According to a report published recently by a local news outlet citing an official from the Office of the Refugee Realief and Repatriation Commissioner (RRRC), around 30,438 infants are born in the Rohingya camps each year. And in the face of waning donor support, Bangladesh is grappling to support the refugees, especially in the backdrop of the ongoing global pandemic. In 2017, against an appeal of USD 434 million, the world community pledged USD 344 million as part of a six-month response plan; in 2018, it was USD 656 million against an appeal of USD 951 million. In 2019, the figure fell to USD 635 million. The worst was yet to come. In 2020, against a request for USD 1,058 million, the donors only pledged USD 509.95 million till October 2020. Till May this year, only USD 340 million has been pledged against a request of USD 1,000 million—just north of a third of the requirement.
The living conditions in the Rohingya camps are also growing worse by the day. Sanitation, hygiene and health have become major concerns, especially in the wake of faecal contamination of the land and water, which has led to an increased risk of water-borne diseases.
Due to deforestation of more than 6,800 acres of forest land where the Rohingya have been sheltered in squalid camps, the refugees remain exposed to the risk of landslides and mudslides during monsoon.

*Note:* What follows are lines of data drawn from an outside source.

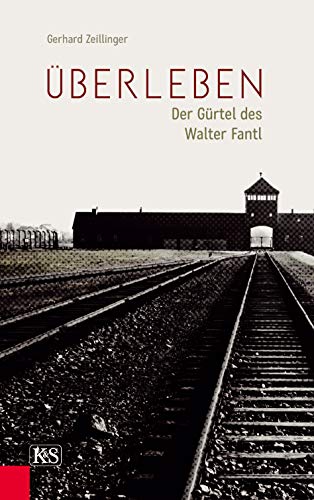 9783218011297: berleben: Der Grtel des Walter Fantl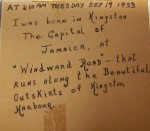 Small inscriptions by Gerald Archambeau pasted into his scrapbook. It reads: At 410 AM Tuesday Sep 19 1933 I was born in Kingston The Capital of Jamaica, at "Windward Road" - that runs along the Beautiful Outskirts of Kingston Harbour."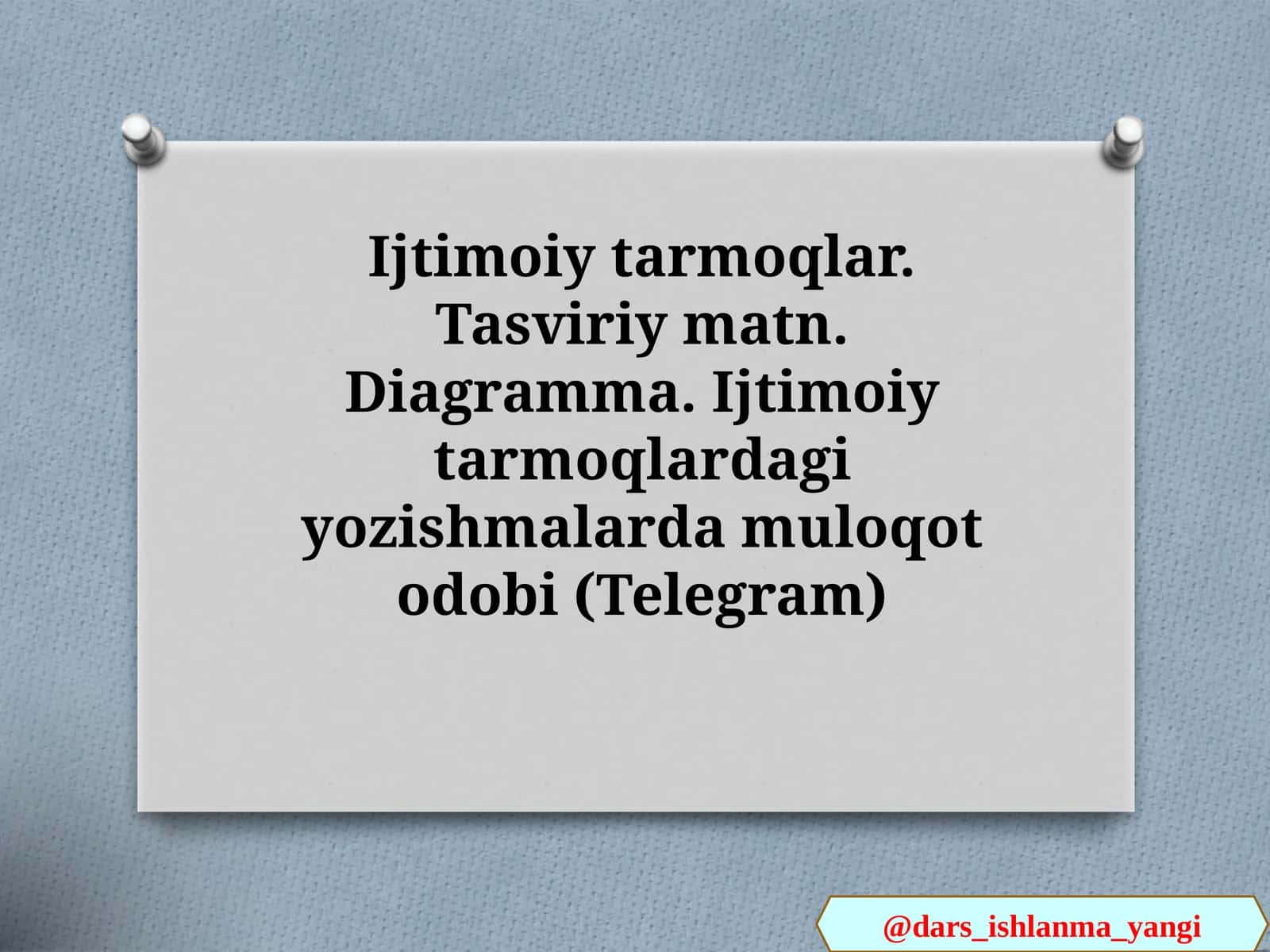 Ijtimoiy tarmoqlar. Tasviriy matn. Diagramma. Ijtimoiy tarmoqlardagi yozishmalarda muloqot odobi (Telegram) 1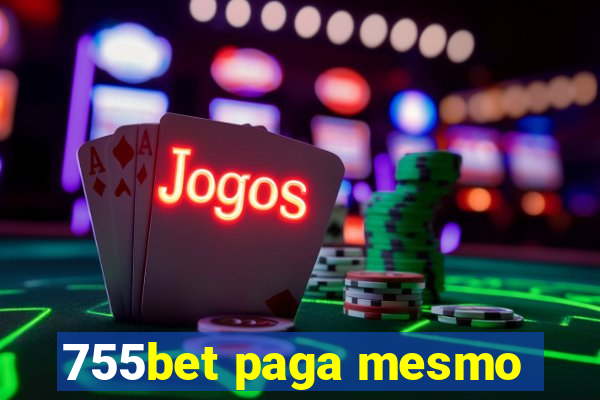 755bet paga mesmo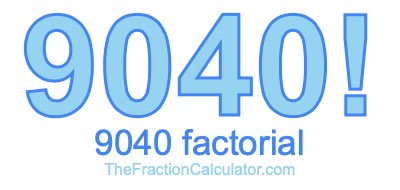 9040 Factorial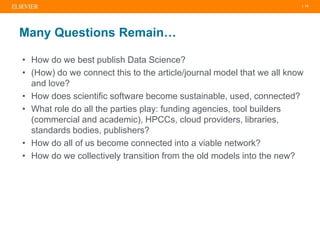 | 13
Many Questions Remain…
• How do we best publish Data Science?
• (How) do we connect this to the article/journal model that we all know
and love?
• How does scientific software become sustainable, used, connected?
• What role do all the parties play: funding agencies, tool builders
(commercial and academic), HPCCs, cloud providers, libraries,
standards bodies, publishers?
• How do all of us become connected into a viable network?
• How do we collectively transition from the old models into the new?
 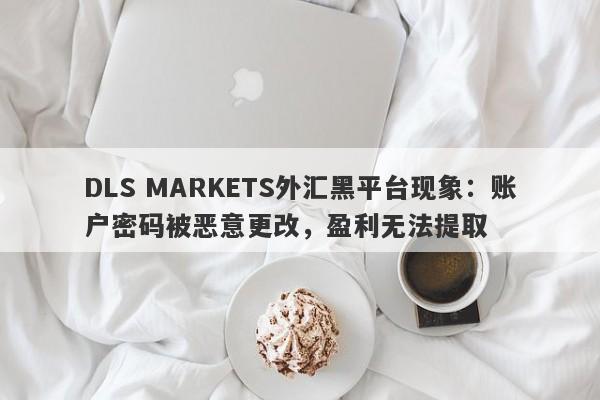 DLS MARKETS外汇黑平台现象：账户密码被恶意更改，盈利无法提取-第1张图片-要懂汇圈网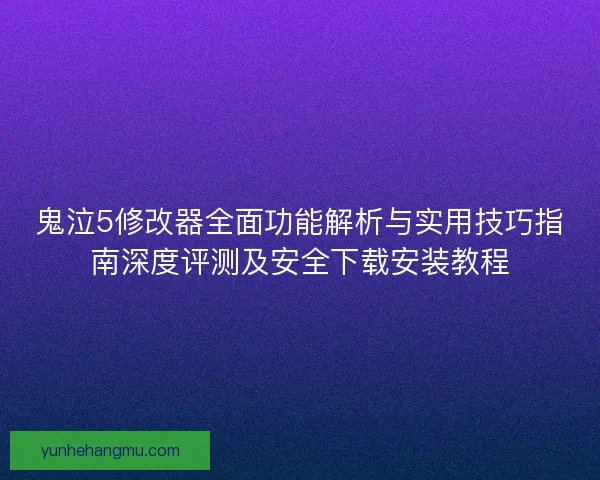 鬼泣5修改器全面功能解析与实用技巧指南深度评测及安全下载安装教程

As recently as July this year, the Bangladesh authorities had to evacuate around 10,000 Rohingya due to lethal landslides.
Now unable to accommodate the growing number of Rohingya refugees in cramped camps, the Bangladesh government has been left with no choice but to relocate around 100,000 of them to the remote island of Bhashan Char. While the long-term habitability of Bhashan Char is questionable and is being doubted by the international community and humanitarian agencies, what other choice does Bangladesh have now?
With international funding declining drastically and living conditions in Cox's Bazar worsening, Bangladesh is almost left on its own to support these persecuted refugees. Despite the pandemic and the myriad challenges faced by the people of this nation, the Bangladesh government allocated Tk 202 crore in the last budget as part of social safety net programmes for refugees.
While during the time of Aung San Suu Kyi there was a small ray of hope that a safe repatriation of the Rohingya would be possible in the medium to long-run, that has been smothered after the military coup in Myanmar.
With no end in sight to the protracted stay and struggles of the Rohingya refugees, Bangladesh is doing its best to provide for them, even while the international community is failing them in both enabling safe repatriation and supporting them with livelihoods. Right now, relocation of the Rohingya to Bhashan Char looks like the most feasible option that Bangladesh can offer. The international community should support Bangladesh in making Bhashan Char more liveable and safe for the Rohingya, or provide the country with more funding so that it can arrange better accommodation for them. Complaining and pointing out flaws is not going to help any of the parties involved, not least the refugees. Until the international community is able to ensure that the Rohingya will be protected in their homeland from the Myanmar military regime's brutal crackdowns, the least they can do is support Bangladesh in providing for them.